Im April dieses Jahres veröffentlichte die New York Times einen Artikel, der für wenig Begeisterung bei der EU-Kommissionspräsidentin Ursula von der Leyen gesorgt haben wird. Die Überschrift lautete: „Wie Europa einen Pfizer-Impfstoff-Deal mit SMS-Texten und Anrufen besiegelte“.

Das US-Blatt berichtete über einen erstaunlichen Vorgang, ausgehend von einem Deal zwischen dem Pharmariesen Pfizer und der Europäischen Kommission. Der Verhandlungsinhalt: 1,8 Milliarden Dosen von Pfizer-BioNTech. Vereinbart wurde ein Milliardengeschäft für den sich anbahnenden und dringend benötigten Impfstoff. Besonders pikant: Das Geschäft wurde laut New York Times-Recherchen über den kurzen Dienstweg in Anrufen und Text-Nachrichten direkt zwischen Ursula von der Leyen und Albert Bourla vorbereitet, eingeleitet und finalisiert.

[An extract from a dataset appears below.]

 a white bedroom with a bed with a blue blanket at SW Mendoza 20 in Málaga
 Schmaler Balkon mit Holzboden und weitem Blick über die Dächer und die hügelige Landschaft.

Weltgrößter Corona-Impfstoffhersteller halbiert Produktion

Weltgrößter Corona-Impfstoffhersteller halbiert Produktion

Demnach habe sich Ursula von der Leyen mit Pfizer-Chef Albert Bourla auf diesem eher unkonventionellen Weg intensiv ausgetauscht. Dabei könnten die Messenger-Dienste Signal oder WhatsApp zum Einsatz gekommen sein. Die New York Times berichtet: „Während beide miteinander sprachen, wurden zwei Dinge klar: Pfizer könnte der EU-Kommission eine deutlich höhere Anzahl von Impfdosen anbieten. Und die Europäische Union wäre bereit, das Angebot anzunehmen.“

Mit dem BioNTech-Impfstoff Comirnaty machte schlussendlich das Konsortium aus Pfizer und der deutschen Firma BioNTech tatsächlich das begehrte Rennen und wurde damit zum wichtigsten Impfstofflieferanten der EU. Weiterhin vollkommen unbekannt bleiben jedoch die Details des Deals, zum Beispiel die genauen Preise für die Impfstofflieferung und welche Länder bei der Lieferung bevorzugt wurden.

Netzpolitik.org wollte bereits im Sommer Näheres erfragen: „Anträge auf Offenlegung werden abgeschmettert: Nicht nur die Verträge, selbst die Anbahnung des Geschäfts bleibt im Dunklen. Eine Informationsfreiheitsanfrage von netzpolitik.org zu den Nachrichten zwischen Kommissionschefin von der Leyen und Pfizer-Chef Bourla lehnte die EU-Kommission bereits im Juli ab: ‚Es konnten keine Dokumente gefunden werden, die in den Geltungsbereich Ihrer Anfrage fallen‘, heißt es in der Antwort der Generalsekretärin der Kommission, Ilze Juhansone.“

Es folgten mehrere konkrete Anfragen an das Büro von der Leyens. „Dieses habe wiederholt bekräftigt, dass es keine Dokumente gebe, die ‚die für die Registrierung (im Archiv) erforderlichen Kriterien erfüllen'“, so Netzpolitik.org in einem aktuellen Artikel. Der Artikel resümiert:

„Mit dieser nebulösen Antwort entzieht sich die Kommission neuerlich der Frage, ob es den direkten Nachrichtenaustausch zwischen Bourla und von der Leyen überhaupt gab – und wenn ja, was drinstand.“

Ein möglicher Grund für die Zurückhaltung könnte sein, dass von der Leyen und ihr Team rechtliche Folgen fürchten.

„Geben sie zu, dass die Nachrichten noch auf dem Handy der Kommissionschefin liegen, oder dort gelöscht wurden, macht sie das womöglich für Klagen angreifbar.“

Für seine Geschäfte mit Pfizer hat die Kommission mittlerweile, wie bei Verträgen mit anderen Herstellern, eine Vorvereinbarung und einen Kaufvertrag offengelegt und veröffentlicht. Darin sind allerdings wesentliche Details wie der Lieferpreis und Haftungsfragen geschwärzt.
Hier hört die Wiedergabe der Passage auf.